The former head of bailed-out Bank of Cyprus accused Cypriot authorities of making the bank a scapegoat to cover their own shortcomings in running the island's economy.

"If the government had acted to restore fiscal imbalances, even in the first quarter of 2012, the measures would be infinitely less painful then they are today", said Andreas Eliades, who was chief executive officer at Bank of Cyprus from 2005 until mid-2012. Cyprus became the fourth eurozone member to require an international bailout when it secured a €10 billion rescue package in March. But as part of the aid deal, the island agreed to seize the cash of big depositors at Bank of Cyprus, the island's biggest bank, and wound down second-biggest lender Laiki Bank with Bank of Cyprus assuming some of its assets.

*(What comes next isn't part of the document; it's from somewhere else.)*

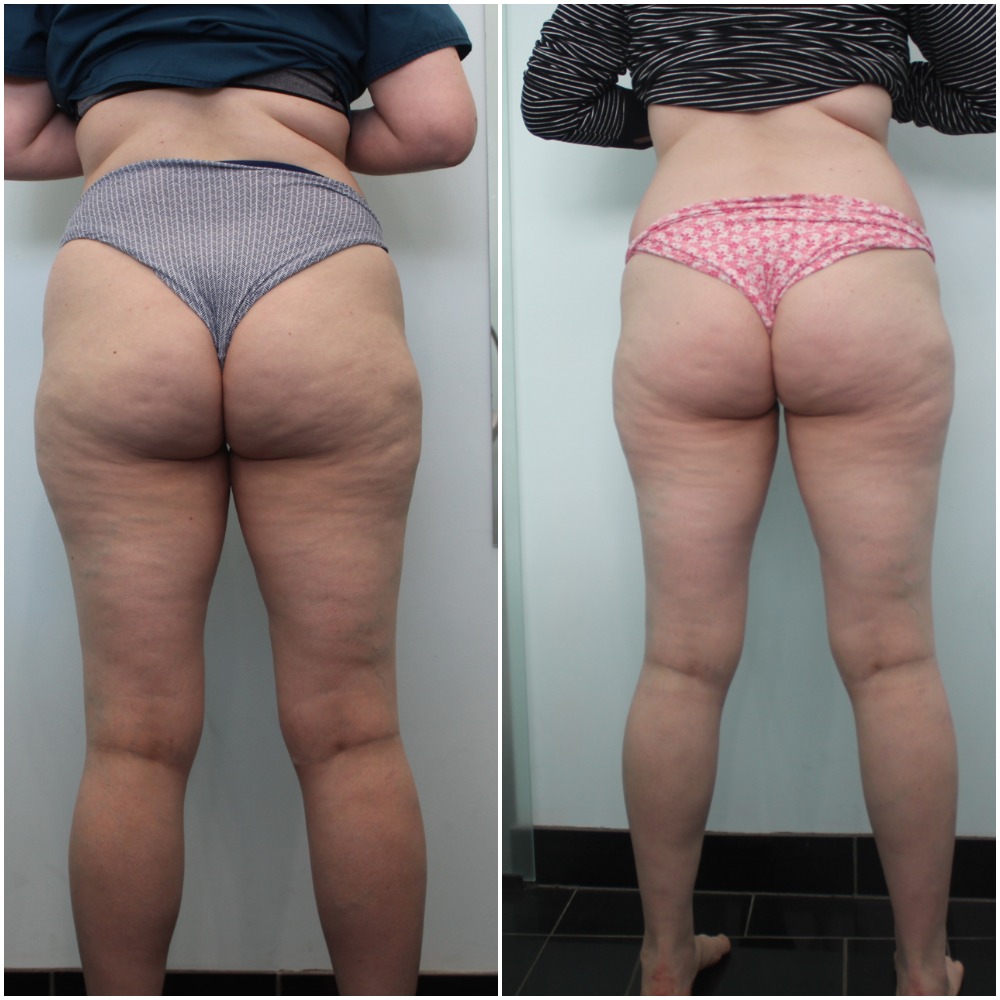 آلة تصميم الجسم Endosphere لتصريف اللمف الداخلي بكرة العضلات مساج تقليل السيلوليت معدات التنحيف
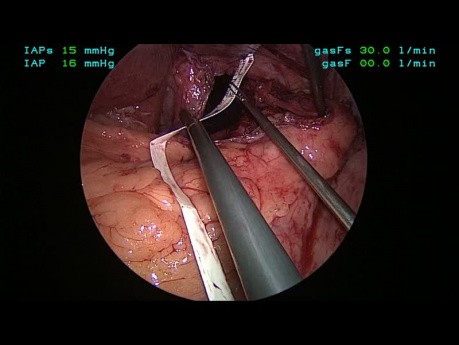 Geometry Fundoplication App Tutorial, Chapter 05 - Closure of the Diaphragmatic Hiatus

Bank of Cyprus lost €1.8 billion in Greek bond holdings. "We couldn't predict there would be an 80 per cent writedown in bonds", Eliades told a judicial inquiry looking into causes of the Cypriot crisis. He said the decision to purchase Greek bonds wasn't his, but sovereign debt had always been considered a safe-haven asset. Eliades, who resigned under pressure from the Cypriot central bank, said Cyprus would not have needed any external help if it had controlled runaway deficits. The island was shut out of international capital markets in May 2011.